> **Data supplied**
******************************

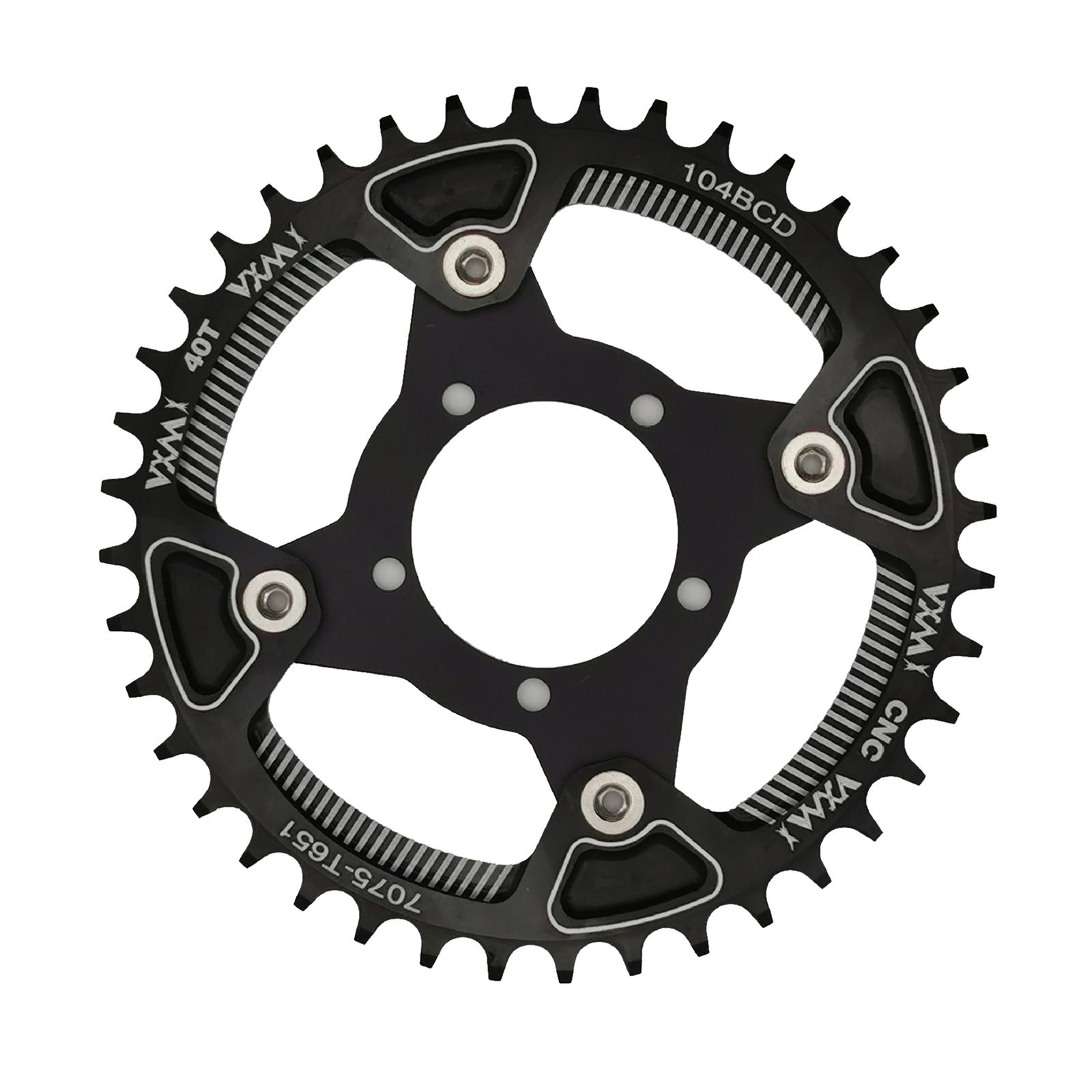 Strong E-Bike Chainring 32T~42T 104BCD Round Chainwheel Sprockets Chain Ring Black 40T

******************************

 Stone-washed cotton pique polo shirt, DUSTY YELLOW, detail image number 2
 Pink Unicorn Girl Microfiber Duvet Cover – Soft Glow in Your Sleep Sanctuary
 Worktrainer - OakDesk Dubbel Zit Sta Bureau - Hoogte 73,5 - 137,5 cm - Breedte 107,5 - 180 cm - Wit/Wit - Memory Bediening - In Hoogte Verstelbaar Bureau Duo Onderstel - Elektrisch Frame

******************************

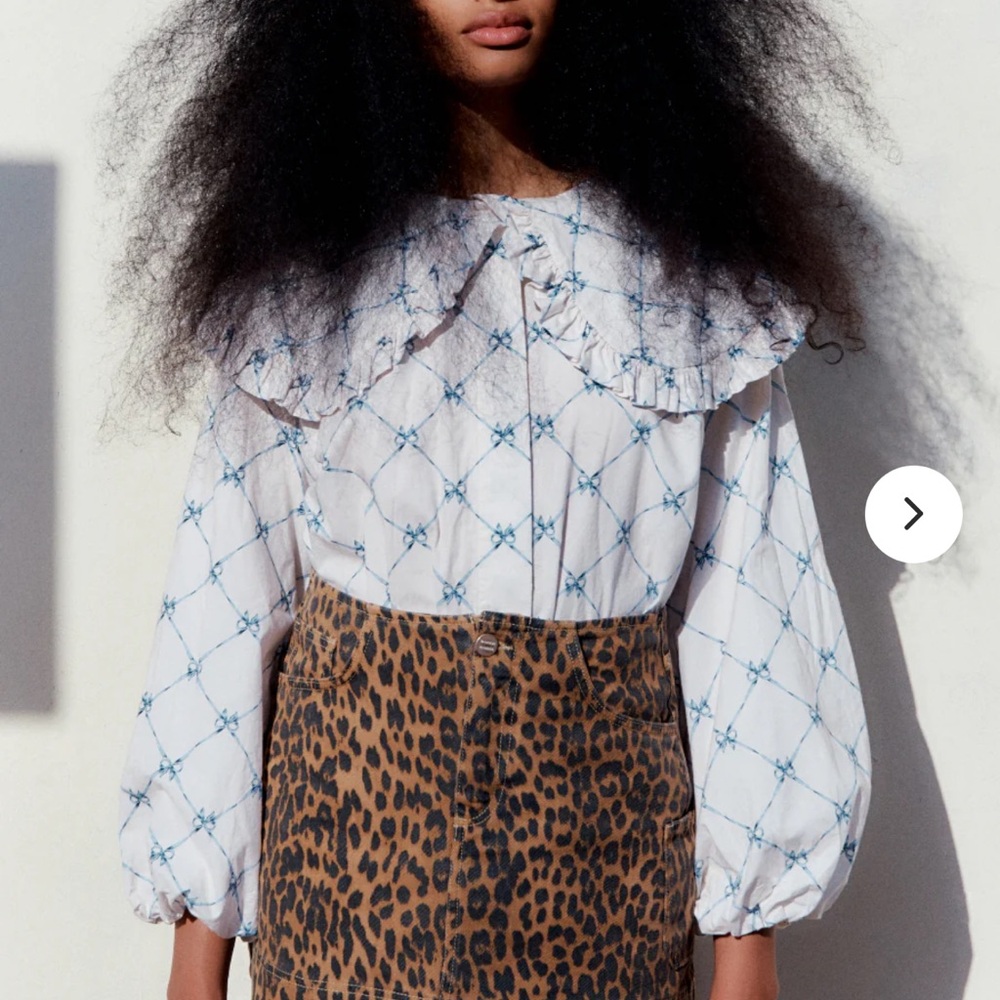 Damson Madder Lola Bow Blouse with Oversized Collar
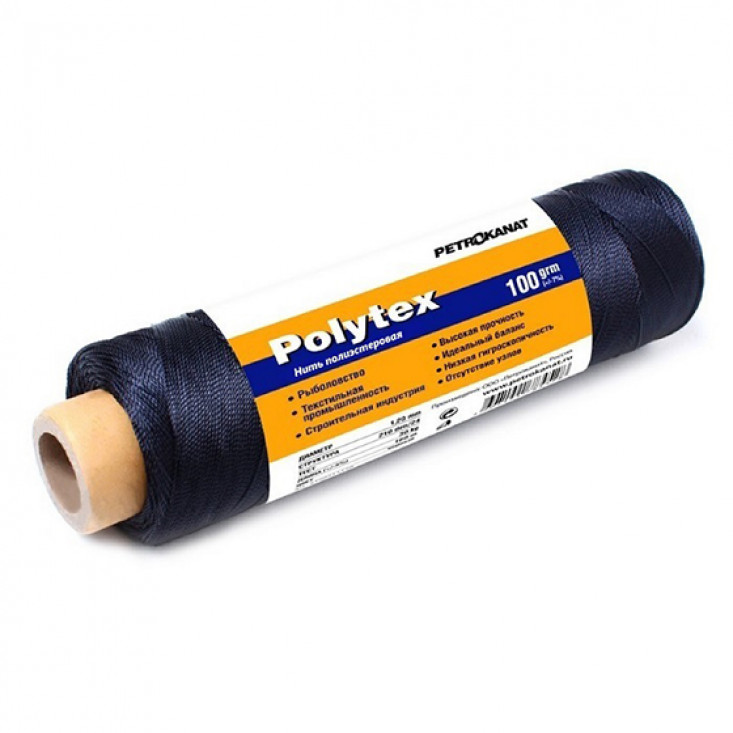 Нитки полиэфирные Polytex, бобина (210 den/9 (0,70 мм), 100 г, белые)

******************************

> **Problem statement**
Look above for the line holding "Stone-washed cotton pique" and the line holding "Worktrainer - OakDesk", then output exactly those two lines and every line between them, nothing more.

> **Response**
 Stone-washed cotton pique polo shirt, DUSTY YELLOW, detail image number 2
 Pink Unicorn Girl Microfiber Duvet Cover – Soft Glow in Your Sleep Sanctuary
 Worktrainer - OakDesk Dubbel Zit Sta Bureau - Hoogte 73,5 - 137,5 cm - Breedte 107,5 - 180 cm - Wit/Wit - Memory Bediening - In Hoogte Verstelbaar Bureau Duo Onderstel - Elektrisch Frame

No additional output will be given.